竹星看一眼淌了一地的茶水,面上不見喜怒,問道:「是你在照顧女史?」
小宮女偷懶被幾人抓個正著,又聽竹星聲音清冷,心中十分懼怕,瑟瑟發抖道:「是...」
竹星正欲發作,便被探春攔下了:「寶姐姐原不是太后宮中的人,太后讓她在這將養已經是恩典了,怎好再讓人伺候?」
小宮女心中唸佛,正要謝過,卻又聽那個明豔的女子說道:「只是你這宮女,瞧著太后仁慈,也忒會偷懶!太后讓你伺候,那便是你的工作,這般陽奉陰違,把太后放在什麼位置?」
竹星心中一稟,打量了一眼探春,只見她面上含笑,說話不急不緩,三兩句話,便將小宮女照顧寶釵不當的罪名換成了不遵太后諭旨。
竹星暗暗稱讚好口才好見識,這樣一個可人,莫說南安太妃了,只怕放在太后身邊,也是極為受寵的,不禁對她多留了一份心。
小宮女聽完,癱在了地上。
竹星面上一冷,讓人拉她出去。
三人忙奔到床邊,寶釵面色蒼白,額上汗水淋淋,口中仍喊著父親。
竹星又請了太醫,一劑湯藥下去,寶釵方慢慢醒來。
睜眼便看到了三人焦急的面孔,寶釵疑惑地眨了眨眼,聲音沙啞道:「我莫不是...」
「咳咳!」
話還未說完,便是一串急促地咳嗽聲,探春忙倒了一杯茶,茶色暗沉,是過夜的涼茶,若是在家裡,哪個丫鬟敢這般怠慢她?又聽寶釵聲音沙啞,想到水晏說的那些話,鼻子一酸,眼淚險些落了下來,忙抹了臉,強作歡顏對著竹星道:「說不得又要再麻煩姐姐了。」
竹星道:「縣主切莫著急,送水的小宮女已經在路上了。」
話音剛落,便有小宮女端著茶水過來,並著幾碟點心。
竹星一一放好,道:「縣主們先陪女史說說體己話,我就在屋外。」
三人連忙謝了,送竹星出門。
探春倒上茶,湘雲喂寶釵喝下,寶釵這才緩緩回神,怠倦的臉上擠出幾絲微笑,道:「身子不爽快,怕是不能縣主們見禮了。」
水雯道:「這是什麼話?什麼見禮不見禮,快別這麼說了!好好養身體才是正理!」
探春與湘雲看寶釵一臉病容,雖為女史,在宮中卻遠不抵家裡,偷偷抹著眼淚,寶釵見了,強打起精神,笑著道:「我還未哭,你們這是做什麼?不過受了點風寒,休息幾日也就罷了。再說了,娘娘們又待我極好,有什麼可傷心的?」
探春與湘雲方慢慢止住,三人又與寶釵說了一會兒話,探春知水雯心善且沒有心計,便尋了個藉口,單獨與寶釵說話。

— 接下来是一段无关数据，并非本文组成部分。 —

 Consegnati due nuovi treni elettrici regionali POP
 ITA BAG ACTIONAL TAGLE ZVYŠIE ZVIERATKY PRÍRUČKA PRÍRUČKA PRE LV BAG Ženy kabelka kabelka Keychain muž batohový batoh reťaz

水雯不疑有他,只道她表姐妹倆說一些家裡的事情,於是領著湘雲,先出了屋。
探春拿來靠枕,讓寶釵枕著,見她這個模樣,心中越發難受起來,話剛開口,眼淚又落了下來,哽咽道:「你在家裡,何曾受過這樣的苦?」
寶釵道:「宮中自然是不同家裡的。」
探春試探問道:「寶姐姐,你...你以後,還回家嗎?」
寶釵想起家中慈母長兄,又想到方才夢中的父親,只怕餘生再不得相見,眼圈一紅,沒有出聲。
探春又道:「寶姐姐,你我皆是一類人。若我們為男子,出去立一番事業,自然有我們的生路。偏偏托成女子,家中又沒有可以立業的男子,少不得要吃這些苦頭了。」
「寶姐姐,你是最通透明白的人了,你半生為家族所累,何曾為自己真正打算過?前朝後宮,相輔相成...」
「別說了。」
寶釵扭過去臉,淒然道:「生而為人,我又有什麼法子?」
探春眼中一亮,忙用帕子擦去眼淚,道:「若是有法子呢?你出不出這深宮?」
說著取出簪子,遞給寶釵。
寶釵見了簪子,臉上變了顏色。
那支簪子她曾見過幾次,戴在水汷發間,最後一次見這簪子,是那日水汷與她換傘。
少年明亮的眼中滿是清澈的感傷,帶著一些她看不懂的東西,再聯想今日水雯攜探春來看她,再怎麼愚鈍的人也猜了出來。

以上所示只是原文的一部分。